Exact repetition of the data is the whole task.

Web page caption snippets
================
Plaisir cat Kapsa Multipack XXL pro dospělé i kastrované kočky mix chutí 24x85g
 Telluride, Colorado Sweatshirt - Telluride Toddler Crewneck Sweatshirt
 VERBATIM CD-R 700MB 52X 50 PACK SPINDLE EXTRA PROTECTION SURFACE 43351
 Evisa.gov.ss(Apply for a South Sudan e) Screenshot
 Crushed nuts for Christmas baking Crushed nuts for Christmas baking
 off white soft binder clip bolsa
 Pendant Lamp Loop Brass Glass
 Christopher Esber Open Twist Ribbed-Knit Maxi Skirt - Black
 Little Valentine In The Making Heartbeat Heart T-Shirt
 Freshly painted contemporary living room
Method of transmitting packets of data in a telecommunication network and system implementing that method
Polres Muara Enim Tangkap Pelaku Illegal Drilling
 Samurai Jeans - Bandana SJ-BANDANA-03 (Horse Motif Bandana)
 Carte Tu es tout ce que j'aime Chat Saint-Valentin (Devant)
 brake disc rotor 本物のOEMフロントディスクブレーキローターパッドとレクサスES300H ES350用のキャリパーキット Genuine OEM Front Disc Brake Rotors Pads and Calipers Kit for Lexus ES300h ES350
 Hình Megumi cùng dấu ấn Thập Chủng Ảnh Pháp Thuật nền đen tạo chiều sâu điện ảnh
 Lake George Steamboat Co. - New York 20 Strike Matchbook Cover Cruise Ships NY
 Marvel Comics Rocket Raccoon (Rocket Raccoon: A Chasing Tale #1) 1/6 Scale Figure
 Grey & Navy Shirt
================
SOLVED EXERCISE:
Plaisir cat Kapsa Multipack XXL pro dospělé i kastrované kočky mix chutí 24x85g
 Telluride, Colorado Sweatshirt - Telluride Toddler Crewneck Sweatshirt
 VERBATIM CD-R 700MB 52X 50 PACK SPINDLE EXTRA PROTECTION SURFACE 43351
 Evisa.gov.ss(Apply for a South Sudan e) Screenshot
 Crushed nuts for Christmas baking Crushed nuts for Christmas baking
 off white soft binder clip bolsa
 Pendant Lamp Loop Brass Glass
 Christopher Esber Open Twist Ribbed-Knit Maxi Skirt - Black
 Little Valentine In The Making Heartbeat Heart T-Shirt
 Freshly painted contemporary living room
Method of transmitting packets of data in a telecommunication network and system implementing that method
Polres Muara Enim Tangkap Pelaku Illegal Drilling
 Samurai Jeans - Bandana SJ-BANDANA-03 (Horse Motif Bandana)
 Carte Tu es tout ce que j'aime Chat Saint-Valentin (Devant)
 brake disc rotor 本物のOEMフロントディスクブレーキローターパッドとレクサスES300H ES350用のキャリパーキット Genuine OEM Front Disc Brake Rotors Pads and Calipers Kit for Lexus ES300h ES350
 Hình Megumi cùng dấu ấn Thập Chủng Ảnh Pháp Thuật nền đen tạo chiều sâu điện ảnh
 Lake George Steamboat Co. - New York 20 Strike Matchbook Cover Cruise Ships NY
 Marvel Comics Rocket Raccoon (Rocket Raccoon: A Chasing Tale #1) 1/6 Scale Figure
 Grey & Navy Shirt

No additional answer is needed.